# Fork Gemma-2B Tamil Base Model

**Purpose:** Copy the base model to our HuggingFace account so we're not dependent on the original author's alpha release.

**Run this once, then use the forked model for all future training.**

In [None]:
# Install dependencies
!pip install -q huggingface_hub transformers

In [None]:
from huggingface_hub import snapshot_download, HfApi, login
import os

# Configuration
SOURCE_MODEL = "abhinand/gemma-2b-it-tamil-v0.1-alpha"
TARGET_MODEL = "CryptoYogi/gemma-2b-tamil-base"
LOCAL_DIR = "./gemma-2b-tamil-base"

print(f"Source: {SOURCE_MODEL}")
print(f"Target: {TARGET_MODEL}")

In [None]:
# Step 1: Download the original model
print("=" * 60)
print("STEP 1: Downloading original model (~5GB)...")
print("=" * 60)

local_path = snapshot_download(
    repo_id=SOURCE_MODEL,
    local_dir=LOCAL_DIR  # Removed deprecated local_dir_use_symlinks parameter
)

print(f"\n✅ Downloaded to: {local_path}")
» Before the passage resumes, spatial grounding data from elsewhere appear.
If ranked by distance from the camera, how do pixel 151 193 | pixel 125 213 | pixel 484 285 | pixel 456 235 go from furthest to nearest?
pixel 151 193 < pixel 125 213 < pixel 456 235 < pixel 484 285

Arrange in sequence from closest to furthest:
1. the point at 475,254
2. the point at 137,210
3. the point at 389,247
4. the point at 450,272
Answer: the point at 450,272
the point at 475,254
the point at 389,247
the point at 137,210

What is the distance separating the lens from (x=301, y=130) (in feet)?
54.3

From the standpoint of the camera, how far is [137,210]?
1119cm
# Show what was downloaded
print("\nFiles downloaded:")
for f in os.listdir(local_path):
    size = os.path.getsize(os.path.join(local_path, f)) / 1e6
    print(f"  {f}: {size:.1f} MB")

In [None]:
# Step 1: Download the original model
print("=" * 60)
print("STEP 1: Downloading original model (~5GB)...")
print("=" * 60)

local_path = snapshot_download(
    repo_id=SOURCE_MODEL,
    local_dir=LOCAL_DIR,
    local_dir_use_symlinks=False  # Actually download, don't symlink
)

print(f"\n✅ Downloaded to: {local_path}")

# Show what was downloaded
print("\nFiles downloaded:")
for f in os.listdir(local_path):
    size = os.path.getsize(os.path.join(local_path, f)) / 1e6
    print(f"  {f}: {size:.1f} MB")

In [None]:
# Step 2: Create repo and upload to your account
print("=" * 60)
print("STEP 2: Uploading to your HuggingFace account...")
print("=" * 60)

api = HfApi()

# Create the repository
api.create_repo(
    repo_id=TARGET_MODEL,
    exist_ok=True,
    private=False  # Make it public so Kaggle can access
)
print(f"Repository created: {TARGET_MODEL}")

# Upload all files
print("\nUploading files (this may take a few minutes)...")
api.upload_folder(
    folder_path=local_path,
    repo_id=TARGET_MODEL,
    commit_message="Fork of abhinand/gemma-2b-it-tamil-v0.1-alpha for VAZHI project"
)

print(f"\n✅ Model uploaded successfully!")
print(f"\nView at: https://huggingface.co/{TARGET_MODEL}")

In [None]:
# Step 3: Verify the upload by loading the model
print("=" * 60)
print("STEP 3: Verifying upload...")
print("=" * 60)

from transformers import AutoTokenizer, AutoModelForCausalLM

# Load tokenizer from our fork
tokenizer = AutoTokenizer.from_pretrained(TARGET_MODEL)
print(f"✅ Tokenizer loaded from {TARGET_MODEL}")
print(f"   Vocab size: {tokenizer.vocab_size}")
print(f"   PAD token: {tokenizer.pad_token}")
print(f"   EOS token: {tokenizer.eos_token}")

print("\n" + "=" * 60)
print("✅ MODEL FORK COMPLETE!")
print("=" * 60)
print(f"\nYou can now use: {TARGET_MODEL}")
print("\nIn training notebook, set:")
print('  USE_FORKED = True')

In [None]:
# Cleanup - remove local copy to save space
import shutil

if os.path.exists(LOCAL_DIR):
    shutil.rmtree(LOCAL_DIR)
    print(f"Cleaned up local copy: {LOCAL_DIR}")